Mas não se proíbe em momento algum investimentos. Se um determinado presidente quiser estourar o Teto fazendo obras pelo país ou construindo museus, não há vedação. Desde que, como explicado acima, não se aumentem os gastos com servidores ou na Previdência. Adivinha quem não gosta nada disso.
Veja que a regra do Teto é então muito mais suave do que a própria Regra de Ouro que tratamos no início deste texto. Ela não dá essa aliviada ao governante, e seu descumprimento pode dar ensejo a um impeachment.
O impacto do Teto em investimentos é indireto, e somente se esta for a escolha da sociedade. Como o investimento é de fato menos protegido pelo nossa Constituição (é uma despesa discricionária, opcional), ele tende a ser canibalizado pelo gasto com Previdência ou servidores – se a sociedade assim quiser.
3) Dá para revogar o Teto sem aumentar impostos
Ciro: Revogar o teto de gastos é imperativo.
Boulos: O único caminho é revogar a emenda que congelou gastos públicos por 20 anos.
Manuela: Uma das propostas da nossa candidatura é o referendo revogatório da Emenda Constitucional 95.
Atribui-se hoje ao Teto insuficiências de recursos que não são dele. Afinal, o Teto foi fixado no nível de 2016, o maior da série histórica. Apesar do Teto, estamos com déficits primários desde 2014 e sabe se lá até quando. Se o Teto fosse revogado, de onde viria o dinheiro para aumentar despesas?
A Constituição, com a Regra de Ouro, veda mais endividamento. A Constituição veda também que se imprima dinheiro para pagar a despesa.
Sobra uma saída: aumento de impostos. Isso mesmo: a turma que é pela revogação do Teto não fala que a alternativa é mais imposto. Ainda que se possa aumentar a tributação sobre os mais ricos, ela é insuficiente para fechar nosso rombo, porque somos um país de renda média. Portanto, fundamentalmente, o teto de gastos é um teto de impostos.
O Teto de fato só provocaria cortes se estivéssemos com superávits primários, ou seja, arrecadando em impostos mais do que gastamos com despesas primárias (saúde, educação, Previdência, etc). Neste cenário, de fato haveria dinheiro para pagar por políticas públicas e investimentos que não seria usado por conta do limite de gasto.
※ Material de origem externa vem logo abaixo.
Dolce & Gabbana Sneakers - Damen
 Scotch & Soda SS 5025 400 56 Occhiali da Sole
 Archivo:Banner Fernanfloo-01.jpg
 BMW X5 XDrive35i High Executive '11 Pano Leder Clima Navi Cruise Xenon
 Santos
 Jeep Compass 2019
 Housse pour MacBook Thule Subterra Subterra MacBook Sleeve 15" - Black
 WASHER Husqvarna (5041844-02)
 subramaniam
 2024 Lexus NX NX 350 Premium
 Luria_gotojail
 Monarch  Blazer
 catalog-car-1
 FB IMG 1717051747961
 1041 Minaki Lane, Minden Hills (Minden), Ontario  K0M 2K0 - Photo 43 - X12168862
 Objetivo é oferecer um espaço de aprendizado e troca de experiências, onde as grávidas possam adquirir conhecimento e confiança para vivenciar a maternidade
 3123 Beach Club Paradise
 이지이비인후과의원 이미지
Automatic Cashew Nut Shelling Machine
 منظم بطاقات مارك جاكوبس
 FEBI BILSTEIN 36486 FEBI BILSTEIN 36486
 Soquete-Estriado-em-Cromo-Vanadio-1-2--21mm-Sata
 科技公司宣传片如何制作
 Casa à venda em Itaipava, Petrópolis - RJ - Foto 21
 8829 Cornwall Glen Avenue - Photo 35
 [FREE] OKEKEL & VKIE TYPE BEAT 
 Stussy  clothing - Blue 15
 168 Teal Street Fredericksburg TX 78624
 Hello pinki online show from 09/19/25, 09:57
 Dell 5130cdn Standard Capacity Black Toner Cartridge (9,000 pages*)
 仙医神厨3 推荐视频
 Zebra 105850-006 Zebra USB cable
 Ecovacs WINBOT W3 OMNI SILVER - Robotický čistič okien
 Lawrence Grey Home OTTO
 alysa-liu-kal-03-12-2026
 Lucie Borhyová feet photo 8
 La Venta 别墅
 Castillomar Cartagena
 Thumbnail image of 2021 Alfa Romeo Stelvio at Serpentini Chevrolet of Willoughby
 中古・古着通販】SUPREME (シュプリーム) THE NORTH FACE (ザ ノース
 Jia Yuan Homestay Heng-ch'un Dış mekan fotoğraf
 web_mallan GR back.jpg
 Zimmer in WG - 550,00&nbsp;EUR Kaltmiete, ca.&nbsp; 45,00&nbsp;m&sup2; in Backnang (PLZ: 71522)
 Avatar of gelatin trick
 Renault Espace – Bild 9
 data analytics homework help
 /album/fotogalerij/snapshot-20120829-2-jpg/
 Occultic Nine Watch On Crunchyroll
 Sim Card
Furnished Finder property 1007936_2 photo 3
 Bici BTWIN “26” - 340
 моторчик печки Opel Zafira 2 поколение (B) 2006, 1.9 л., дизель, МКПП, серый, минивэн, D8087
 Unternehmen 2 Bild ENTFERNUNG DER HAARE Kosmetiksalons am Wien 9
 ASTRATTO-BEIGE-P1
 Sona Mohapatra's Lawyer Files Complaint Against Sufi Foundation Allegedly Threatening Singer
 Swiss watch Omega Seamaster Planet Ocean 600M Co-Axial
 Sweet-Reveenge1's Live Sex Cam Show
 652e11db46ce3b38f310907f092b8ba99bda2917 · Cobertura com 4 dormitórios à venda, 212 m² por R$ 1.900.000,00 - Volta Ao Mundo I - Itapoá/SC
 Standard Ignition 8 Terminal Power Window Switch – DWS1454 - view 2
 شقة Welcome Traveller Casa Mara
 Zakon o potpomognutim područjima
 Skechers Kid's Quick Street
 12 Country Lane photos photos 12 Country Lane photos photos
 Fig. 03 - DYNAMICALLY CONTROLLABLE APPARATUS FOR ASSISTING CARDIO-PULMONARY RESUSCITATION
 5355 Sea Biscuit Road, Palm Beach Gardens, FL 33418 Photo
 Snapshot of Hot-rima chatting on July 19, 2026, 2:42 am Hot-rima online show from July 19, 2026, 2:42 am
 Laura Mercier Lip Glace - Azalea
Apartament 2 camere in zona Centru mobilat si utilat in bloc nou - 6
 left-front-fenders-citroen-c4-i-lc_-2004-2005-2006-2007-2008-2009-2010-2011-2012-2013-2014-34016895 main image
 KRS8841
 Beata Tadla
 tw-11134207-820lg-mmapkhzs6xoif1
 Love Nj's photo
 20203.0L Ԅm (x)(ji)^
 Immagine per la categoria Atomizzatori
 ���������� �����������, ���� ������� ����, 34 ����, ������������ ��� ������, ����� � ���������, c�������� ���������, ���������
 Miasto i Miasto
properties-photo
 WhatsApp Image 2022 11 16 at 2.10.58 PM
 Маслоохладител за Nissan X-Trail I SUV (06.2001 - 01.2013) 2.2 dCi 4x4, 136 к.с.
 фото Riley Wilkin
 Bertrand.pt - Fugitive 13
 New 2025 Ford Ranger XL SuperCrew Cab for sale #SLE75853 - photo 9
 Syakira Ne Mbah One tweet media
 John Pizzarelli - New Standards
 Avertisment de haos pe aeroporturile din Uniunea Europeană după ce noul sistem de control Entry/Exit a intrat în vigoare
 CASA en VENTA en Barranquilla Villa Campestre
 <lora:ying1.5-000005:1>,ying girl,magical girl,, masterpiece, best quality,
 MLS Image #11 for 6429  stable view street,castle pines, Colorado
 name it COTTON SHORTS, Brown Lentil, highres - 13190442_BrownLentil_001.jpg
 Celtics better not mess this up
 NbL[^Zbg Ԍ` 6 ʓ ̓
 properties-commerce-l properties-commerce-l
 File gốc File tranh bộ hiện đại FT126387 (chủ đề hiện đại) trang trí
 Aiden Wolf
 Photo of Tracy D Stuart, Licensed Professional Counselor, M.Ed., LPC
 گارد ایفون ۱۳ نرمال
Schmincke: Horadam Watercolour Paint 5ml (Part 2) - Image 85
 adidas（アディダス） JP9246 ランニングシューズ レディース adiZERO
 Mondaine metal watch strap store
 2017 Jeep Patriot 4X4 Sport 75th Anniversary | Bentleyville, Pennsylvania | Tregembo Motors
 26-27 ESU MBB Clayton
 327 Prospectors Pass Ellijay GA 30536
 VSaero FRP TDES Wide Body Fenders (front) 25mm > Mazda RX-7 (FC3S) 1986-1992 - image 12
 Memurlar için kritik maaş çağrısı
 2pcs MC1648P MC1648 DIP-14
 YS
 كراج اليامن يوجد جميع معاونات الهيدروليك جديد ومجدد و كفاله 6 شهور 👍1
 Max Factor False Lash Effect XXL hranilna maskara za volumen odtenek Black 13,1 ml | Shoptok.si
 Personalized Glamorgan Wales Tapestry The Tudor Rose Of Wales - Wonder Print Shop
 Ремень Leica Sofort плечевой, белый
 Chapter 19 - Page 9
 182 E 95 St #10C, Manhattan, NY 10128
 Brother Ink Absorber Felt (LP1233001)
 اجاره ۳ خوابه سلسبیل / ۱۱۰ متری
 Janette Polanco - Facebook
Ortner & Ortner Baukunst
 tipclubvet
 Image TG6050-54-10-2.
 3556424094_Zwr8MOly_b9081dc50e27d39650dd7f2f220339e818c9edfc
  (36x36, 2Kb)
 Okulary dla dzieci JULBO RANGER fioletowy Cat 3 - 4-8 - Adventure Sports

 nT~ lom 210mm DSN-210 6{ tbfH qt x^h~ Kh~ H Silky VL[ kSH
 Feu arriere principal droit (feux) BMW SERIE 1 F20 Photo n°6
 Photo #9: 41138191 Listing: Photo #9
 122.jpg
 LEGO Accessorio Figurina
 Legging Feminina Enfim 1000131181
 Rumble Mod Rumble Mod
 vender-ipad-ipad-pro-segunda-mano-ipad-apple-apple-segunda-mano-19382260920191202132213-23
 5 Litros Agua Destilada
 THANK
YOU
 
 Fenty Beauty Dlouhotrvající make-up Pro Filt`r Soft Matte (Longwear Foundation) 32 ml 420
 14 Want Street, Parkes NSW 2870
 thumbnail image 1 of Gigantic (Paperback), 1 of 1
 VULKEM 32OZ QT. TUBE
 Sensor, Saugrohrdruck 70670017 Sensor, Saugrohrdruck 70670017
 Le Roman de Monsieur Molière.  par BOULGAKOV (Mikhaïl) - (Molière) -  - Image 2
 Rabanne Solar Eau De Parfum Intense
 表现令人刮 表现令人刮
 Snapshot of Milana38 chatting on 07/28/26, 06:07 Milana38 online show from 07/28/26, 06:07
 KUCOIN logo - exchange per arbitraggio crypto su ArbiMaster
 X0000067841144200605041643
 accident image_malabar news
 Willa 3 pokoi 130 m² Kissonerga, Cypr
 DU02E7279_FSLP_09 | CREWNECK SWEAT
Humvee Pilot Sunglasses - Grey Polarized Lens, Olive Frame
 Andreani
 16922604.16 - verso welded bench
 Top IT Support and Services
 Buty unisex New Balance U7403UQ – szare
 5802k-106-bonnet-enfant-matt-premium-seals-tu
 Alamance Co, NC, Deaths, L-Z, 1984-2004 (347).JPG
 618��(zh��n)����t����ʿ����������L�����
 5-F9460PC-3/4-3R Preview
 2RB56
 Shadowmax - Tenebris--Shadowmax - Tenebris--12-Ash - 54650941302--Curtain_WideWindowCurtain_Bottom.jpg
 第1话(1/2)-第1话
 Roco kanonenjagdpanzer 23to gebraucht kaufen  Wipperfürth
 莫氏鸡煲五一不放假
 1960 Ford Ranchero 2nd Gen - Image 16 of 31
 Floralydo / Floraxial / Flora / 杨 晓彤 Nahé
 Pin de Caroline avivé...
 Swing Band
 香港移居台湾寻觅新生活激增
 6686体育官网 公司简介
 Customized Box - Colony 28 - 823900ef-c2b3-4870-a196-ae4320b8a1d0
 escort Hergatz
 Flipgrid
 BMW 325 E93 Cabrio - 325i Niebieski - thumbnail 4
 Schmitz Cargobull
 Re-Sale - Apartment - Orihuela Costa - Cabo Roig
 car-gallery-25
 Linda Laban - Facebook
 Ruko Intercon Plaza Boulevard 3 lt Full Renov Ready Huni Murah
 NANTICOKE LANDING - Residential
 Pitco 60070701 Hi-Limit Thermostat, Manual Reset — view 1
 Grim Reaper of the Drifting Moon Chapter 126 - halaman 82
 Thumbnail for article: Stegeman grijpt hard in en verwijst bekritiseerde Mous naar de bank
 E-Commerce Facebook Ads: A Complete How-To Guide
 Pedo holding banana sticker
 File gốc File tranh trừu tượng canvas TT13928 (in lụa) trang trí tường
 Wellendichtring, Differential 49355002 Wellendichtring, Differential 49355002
Só que isso só acontecerá, com uma ampla agenda de reformas, daqui a muitos anos. Isso em um cenário otimista. Só então o Teto poderá ser culpado de qualquer coisa.
Portanto, quando critica-se a suposta austeridade do Teto, como se fosse uma medida aguda sendo tomada agora, deve-se ter em mente que ele é um ajuste suave, gradual, de longo prazo.
4) O congelamento dura por 20 anos
Boulos: Com a Emenda do Teto de Gastos, mesmo que o Brasil crescesse 2,5% todos os anos, os gastos públicos em áreas como saúde e educação para 16% em 2026 e chegariam a 12% em 2036.
Ciro: Não há precedente no planeta Terra exigir tabelamento de gastos por 20 anos.
Manuela: Com o congelamento dos gastos que foi aprovado por 20 anos, você está dizendo que o Estado deixará de aportar recursos em políticas públicas que são estruturantes paras as mulheres.
Marina: As políticas públicas no Brasil estão sofrendo um golpe, sobretudo com atitude irresponsável do governo em congelar os gastos em 20 anos.
Não vale dizer que o Teto é duro por durar 20 anos. Como aprovado, ele existe por 10 anos: só até 2026 é que o limite será reajustado somente pela inflação (o que chamam de congelamento). Com reformas, talvez no final deste período é que haja alguma sobra no orçamento.
Nos anos seguintes, depois de 2026, outro indexador pode ser escolhido para a despesa (por exemplo, o crescimento do PIB).
Vamos concluir:
O que o teto não é: um teto individual para cada despesa que dura por 20 anos, que está provocando cortes no orçamento agora.
O que o teto é: um teto global que dura por 10 anos, que pode provocar cortes no final deste período, mas só se amplas reformas derem certo, principalmente da Previdência.
Uma última observação: no dia seguinte à tragédia do Museu Nacional, uma entrada ao vivo da Globo foi interrompida por um manifestante culpando a emissora pelo incêndio. O motivo? Ela ter supostamente apoiado o Teto de Gastos. Não passe essa vergonha na TV.